• _Action item_: From the line that contains "Volkswagen Touareg II" down to the last line of the entries, repeat every line exactly. Do not carry over the pictures.

• _Supplied data_:
----

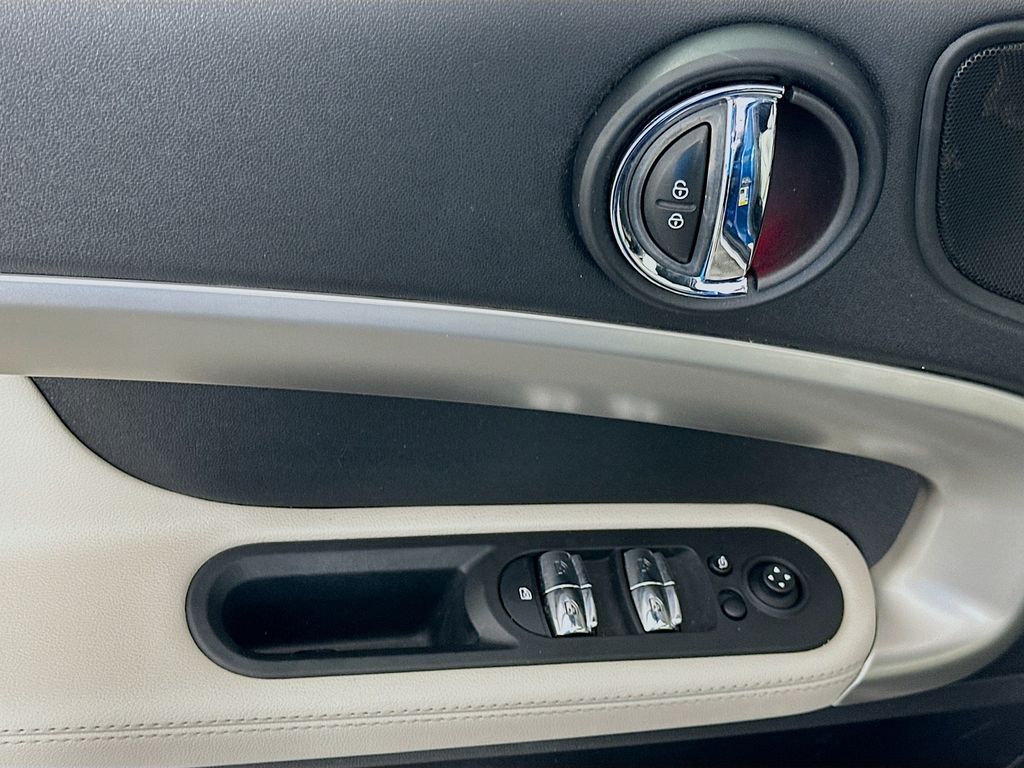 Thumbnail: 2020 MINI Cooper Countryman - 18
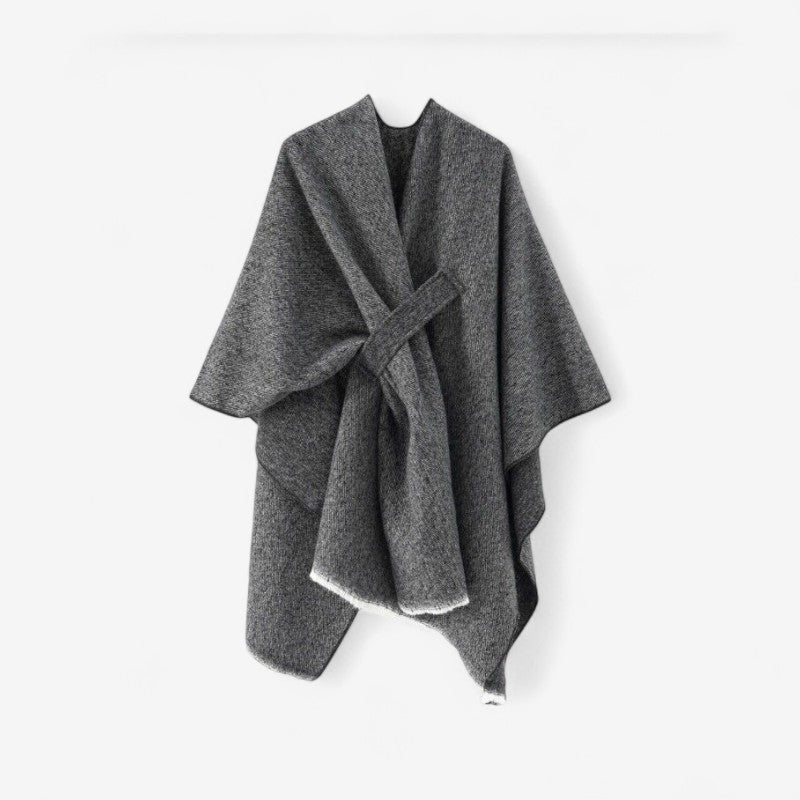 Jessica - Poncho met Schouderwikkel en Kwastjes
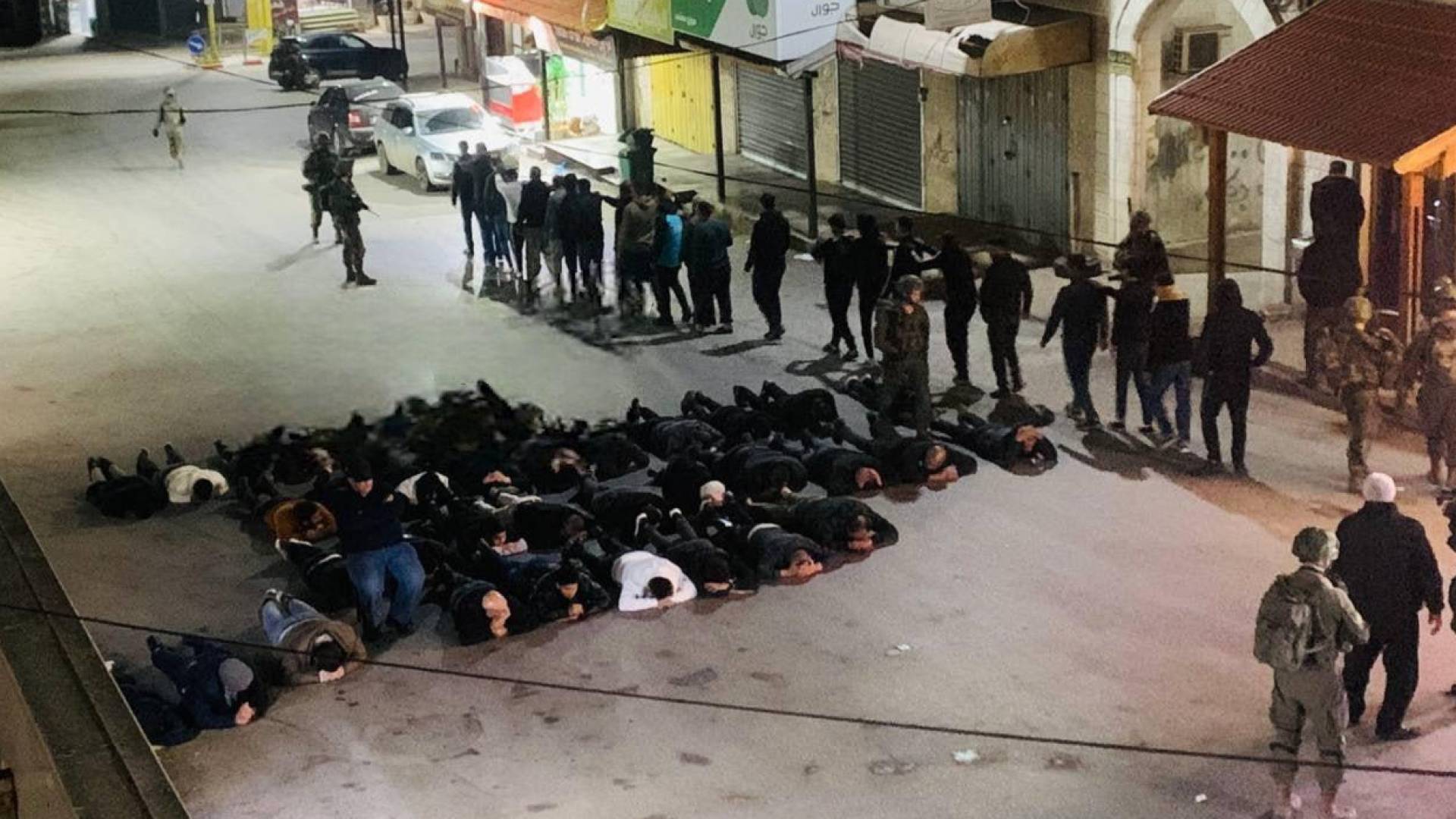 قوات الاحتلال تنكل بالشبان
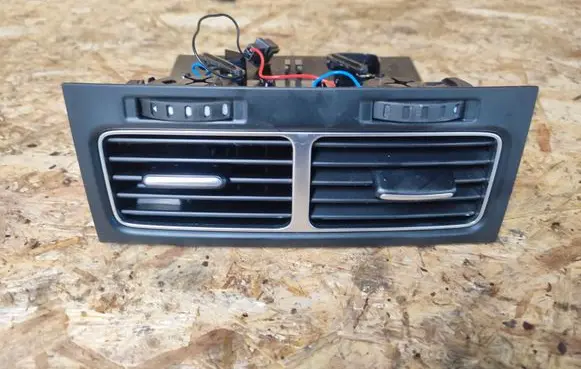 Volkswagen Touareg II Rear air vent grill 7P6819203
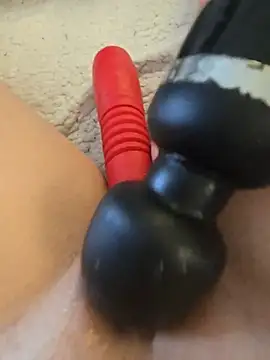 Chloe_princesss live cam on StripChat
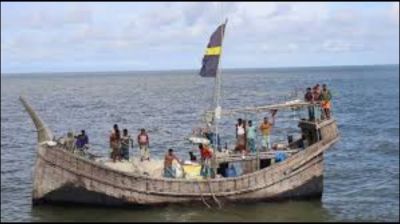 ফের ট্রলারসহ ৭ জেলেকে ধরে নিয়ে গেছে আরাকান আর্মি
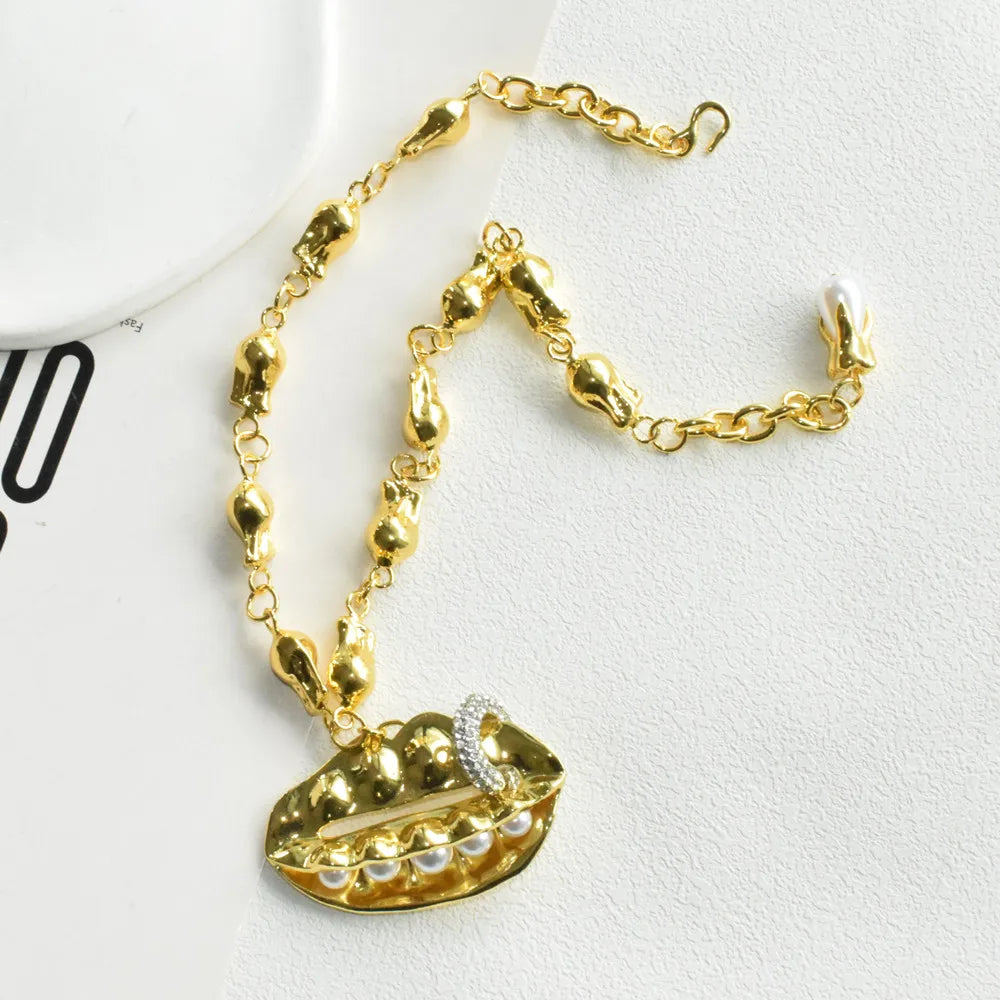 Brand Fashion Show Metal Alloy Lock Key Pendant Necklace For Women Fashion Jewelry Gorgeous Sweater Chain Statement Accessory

----

• _Answer_:
 Volkswagen Touareg II Rear air vent grill 7P6819203
 Chloe_princesss live cam on StripChat
 ফের ট্রলারসহ ৭ জেলেকে ধরে নিয়ে গেছে আরাকান আর্মি
 Brand Fashion Show Metal Alloy Lock Key Pendant Necklace For Women Fashion Jewelry Gorgeous Sweater Chain Statement Accessory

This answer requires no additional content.